Ind. Gov't. - Two Gary Indiana stories

From the NWI Times, this story from Joseph S. Pete headed "Gary has nowhere near the debt of bankrupt Detroit." Some quotes:

GARY | When Detroit filed for the largest municipal bankruptcy in U.S. history, it called up recent memories of Gary going before the Distressed Unit Appeals Board year after year, and led some to wonder if the city U.S. Steel built could end up just as broke.

The Steel City has a lot in common with the Motor City. Both are largely one-industry towns in the Rust Belt.

Both are less than half as populous as they were during the 1960s, when factory jobs were still plentiful. Both have since suffered from crime, blight and buildings run-down enough to be compared to ancient ruins.

But unlike Detroit, Gary has little debt on the books.

After years of steep cuts and sweeping layoffs, Gary owes less to creditors than many towns a fraction of its size, according to the Indiana Department of Local Government Finance. The Steel City currently has about $8.4 million in outstanding debt for bonds, loans and leases, as well as utility and redevelopment projects. That's less than every other city and town in Lake County, except for New Chicago, Schneider and Winfield.

Last year, the state agency started collecting and publishing municipal debt figures online so the public can see how much local governments are borrowing, how much they owe in interest and how they are repaying the debt.

Only two cities in Indiana currently have less total debt per capita than Gary, according to Department of Local Government Finance records. One is Sullivan, which has a population of 4,200 and a single park.

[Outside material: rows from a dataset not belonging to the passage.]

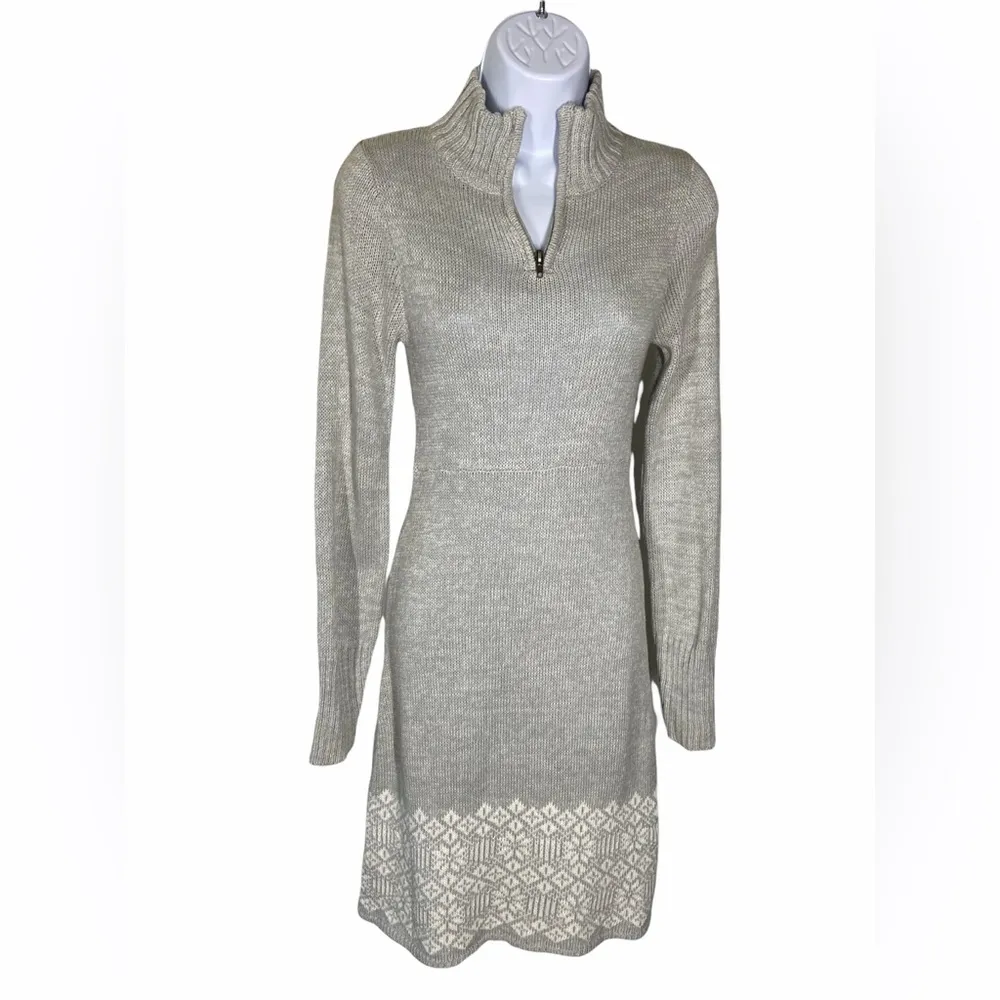 Soybu Gray Nordic Print Quarter Zip Long Sleeve Sweater Dress Women’s Size Large - Image 2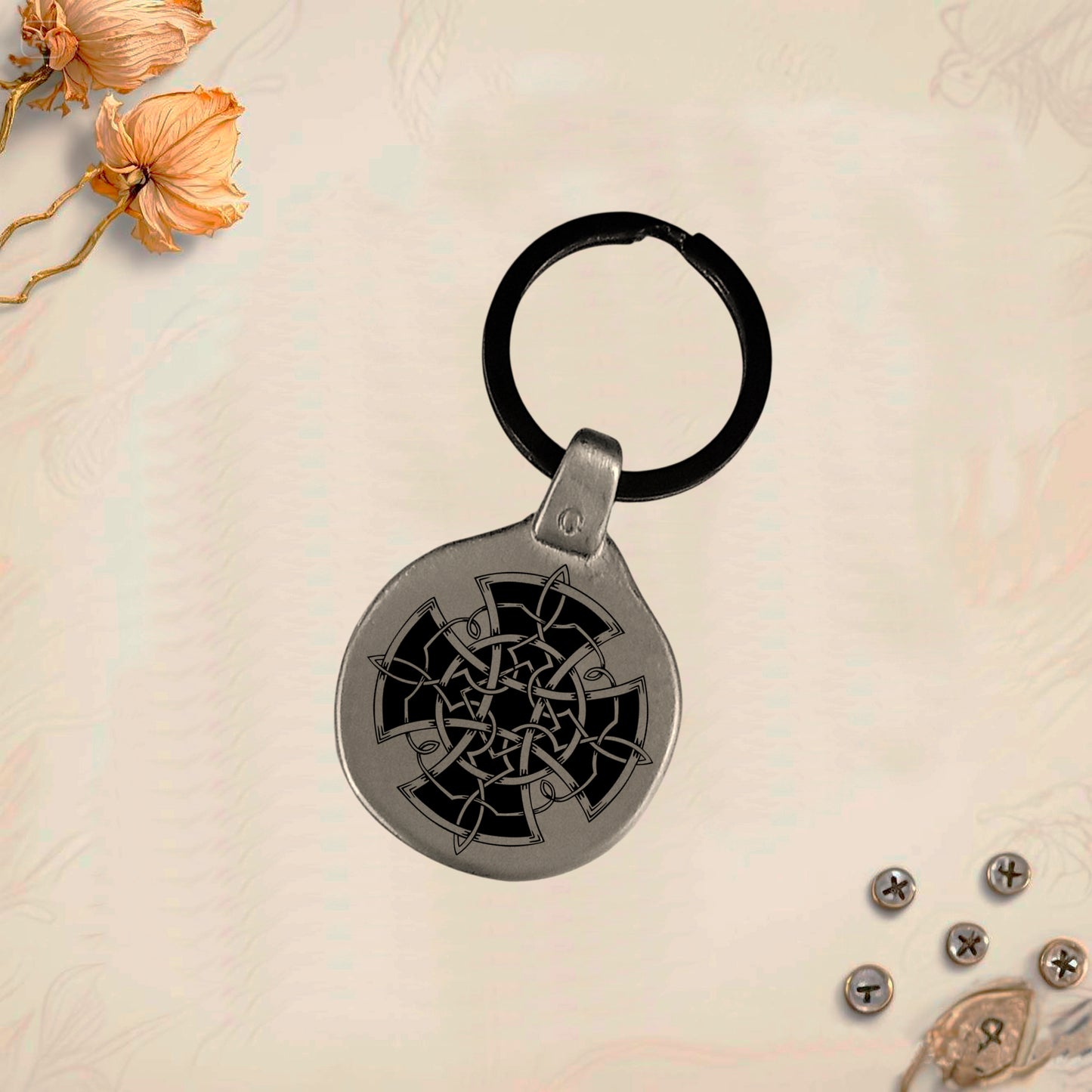 Vintage Celtic Keychain Pack 7 - Handmade Amulet | Engraved Metal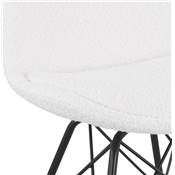Chaise design de style baroque 'GORD' en tissu bouclé blanc avec 4 pieds en métal noir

The other is Alexandria, which was designated "Small Town USA" by the Department of Defense in 1943 and has only added about 300 more residents in the seven decades that have since passed.

Mayor Karen Freeman-Wilson said the city's finances have been improving, despite a 55 percent reduction in property tax revenue brought on by the statewide tax caps. The city has cut expenses, avoided indebtedness and reduced Gary's overall debt burden significantly over the last several years.

And from the NY Times yesterday, a story by Steven Yaccino headed "A Chance to Own a Home for $1 in a City on the Ropes." Some quotes from the long story:
Officials say that a third of the houses in Gary are unoccupied, hollowed dwellings spread across a city that, like other former industrial powerhouses, has lost more than half its population in the last half-century.

While some of those homes will be demolished, Gary is exploring a more affordable way to lift its haggard tax base and reduce the excess of empty structures: sell them for $1.

The program, announced in June, will offer Gary residents a chance to pay less for a house than for their morning coffee, as long as they meet a minimum income threshold (starting at $35,250 for one person) and demonstrate the financial ability to bring the neglected property up to code within six months. Those selected would have to live in the home for five years before receiving full ownership.

Nearly 400 people picked up applications on the first day they were available. After an extensive preselection process, the city will choose 12 out of 25 finalists in a lottery next month.

“My target would be to sell 50 houses a year,” Mayor Karen Freeman-Wilson said. “We’re getting these people to contribute as taxpayers. They can be part of the group that moves out, or they can be part of the group that invests.”

Efforts to revive distressed postindustrial cities across the country are being watched closely since last month when Detroit became the largest American municipality to file for bankruptcy. Indiana is one of 21 states that does not allow its cities to file for bankruptcy protection, according to the National Conference of State Legislatures. While Gary does not carry the same debt load that led the Motor City into bankruptcy court — officials say its liabilities are around $8.4 million compared with Detroit’s estimated $18 billion — the decline of both manufacturing hubs are strikingly similar.